O'Rourke v. Commissioner of Motor Veh., No. Cv92 030 90 25 (Jan. 6, 1993)

[EDITOR'S NOTE: This case is unpublished as indicated by the issuing court.] MEMORANDUM OF DECISION Plaintiff Daryl O'Rourke appeals the decision of the defendant Commissioner of Motor Vehicles suspending the plaintiff's motor vehicle operator's license pursuant to General Statutes 14-227b. The plaintiff appeals pursuant to4-183. The court rules in favor of the defendant Commissioner.

On February 27, 1992, the plaintiff was arrested for operating a motor vehicle under the influence of intoxicating liquor. The arresting officer, acting on behalf of the Commissioner, revoked and took possession of the plaintiff's driver's license and issued him a temporary license. The officer took this action on the basis of a chemical test of the plaintiff's breath, which was administered to measure his blood alcohol content (BAC).

On the basis of the police officer's report, the Commissioner subsequently suspended the plaintiff's license for one year. Thereafter, pursuant to the plaintiff's request and in accordance with 14-227b, the Commissioner held a hearing on the license suspension, which was conducted by a hearing officer designated in accordance with General Statutes14-4a.

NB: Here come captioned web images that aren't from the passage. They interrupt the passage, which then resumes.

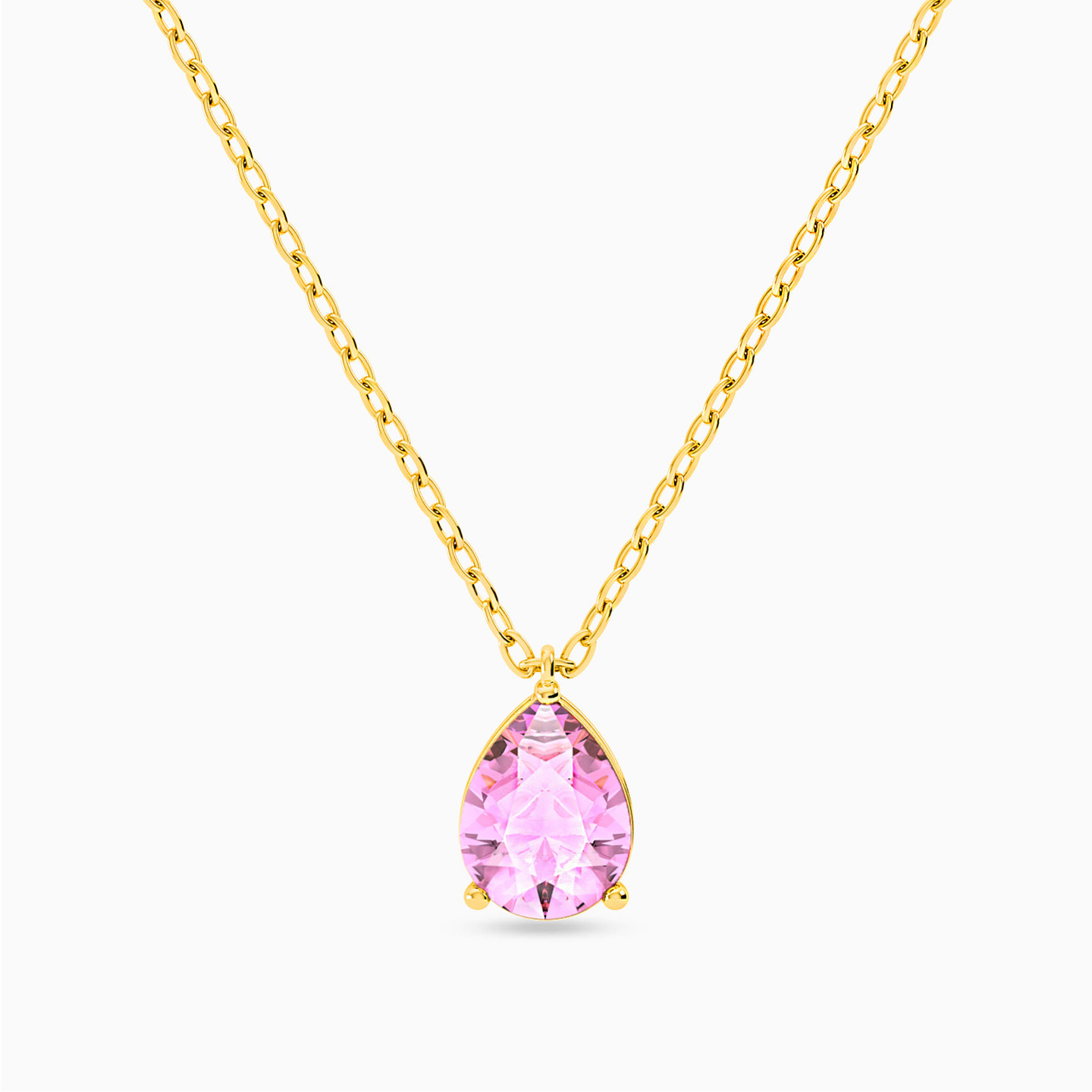 Pear Colored Stones Necklace In 18K Gold - 4 Pear Colored Stones Necklace In 18K Gold - 4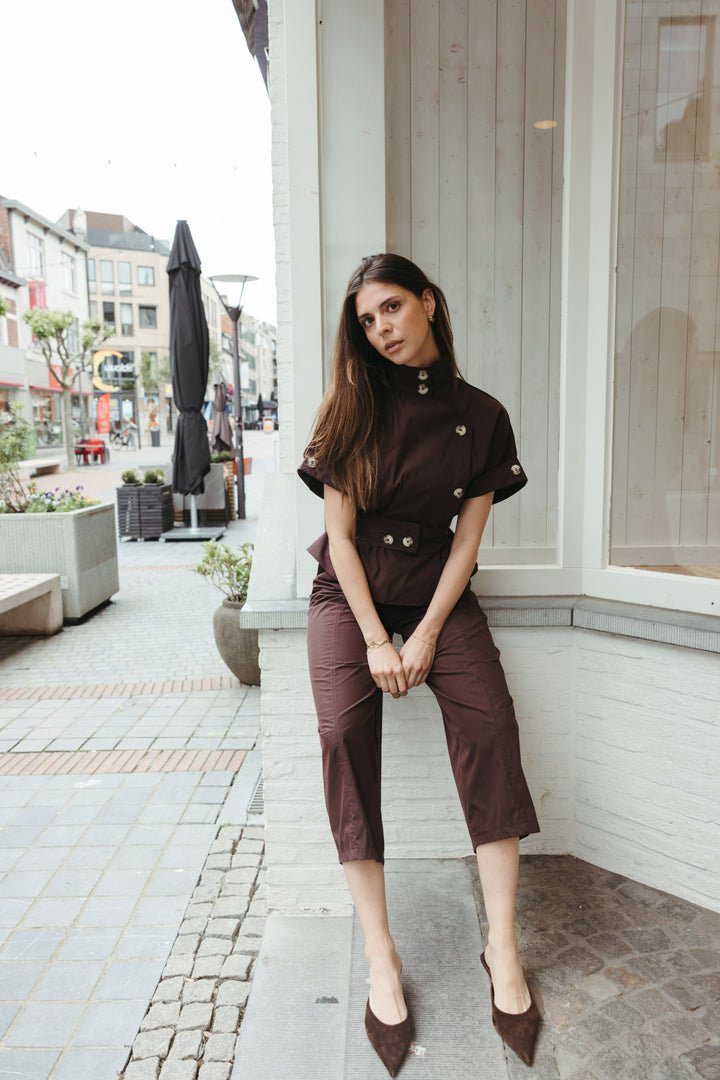 High Neck Belted Top & Balloon Trouser Set - Brown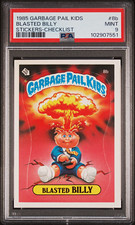 1985 Garbage Pail Kids Season 1 Blasted Billy #8b PSA 9 (Checklist) Sticker picture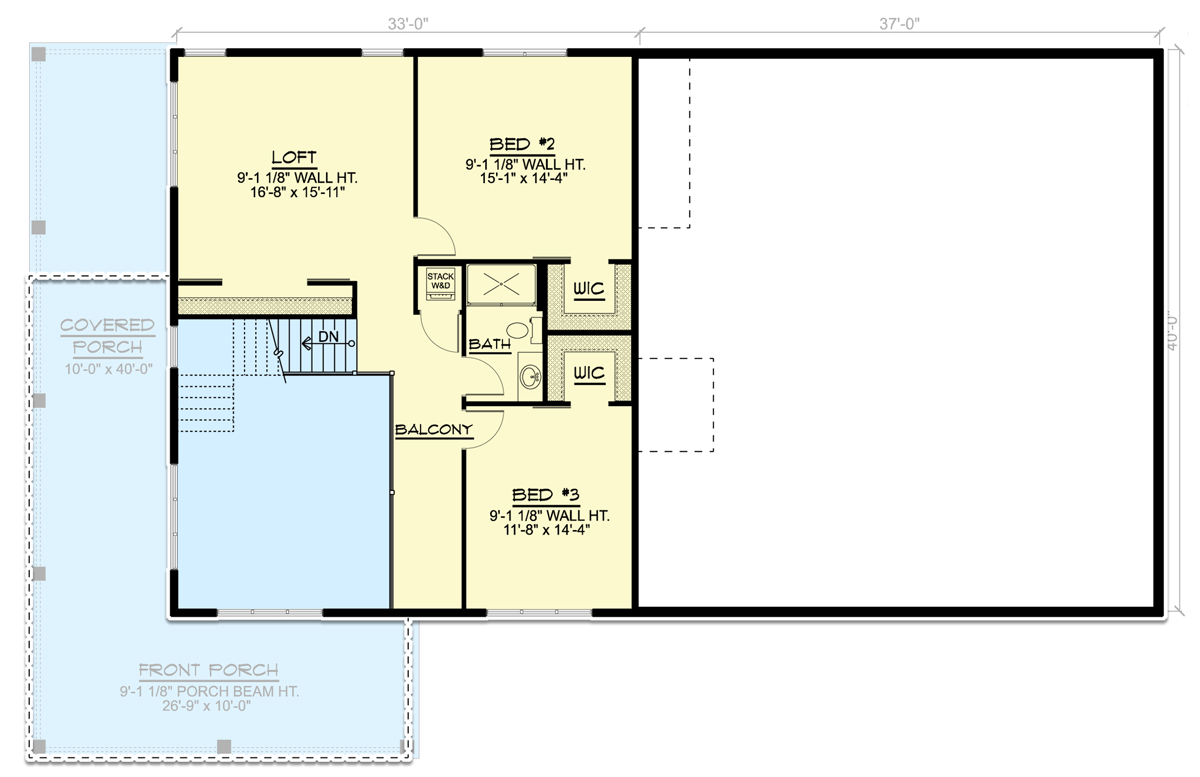 Plan 135200GRA: 2300 Square Foot Barndominium House Plan with Wraparound Porch - Floor Plan - 2nd Floor - Barndominium, Country, New American, Rustic, Vacation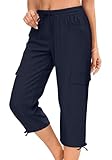 HOTGIFT Women Capris Cargo Pants 2025 Summer Hiking Pants Casual Lightweight Outdoor Quick Dry with 6 Pockets Navy Blue Large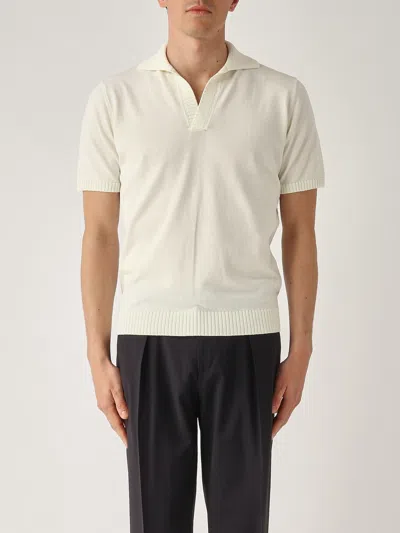 Filippo De Laurentiis Skipper M/c In Crepe Cotton Polo In White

Section 14-227b provides that the scope of the hearing is limited to a determination of four specific factual issues. In this case, in order to affirm the license suspension, the hearing officer had to find (1) that the police had probable cause to arrest the plaintiff for driving under the influence of intoxicating liquor; (2) that the plaintiff was lawfully CT Page 72 arrested; (3) that the chemical test indicated that the plaintiff's BAC exceeded the legal limit at the time of the alleged offense; and (4) that the plaintiff was operating the motor vehicle. The hearing officer did find those issues in the affirmative and sustained the license suspension.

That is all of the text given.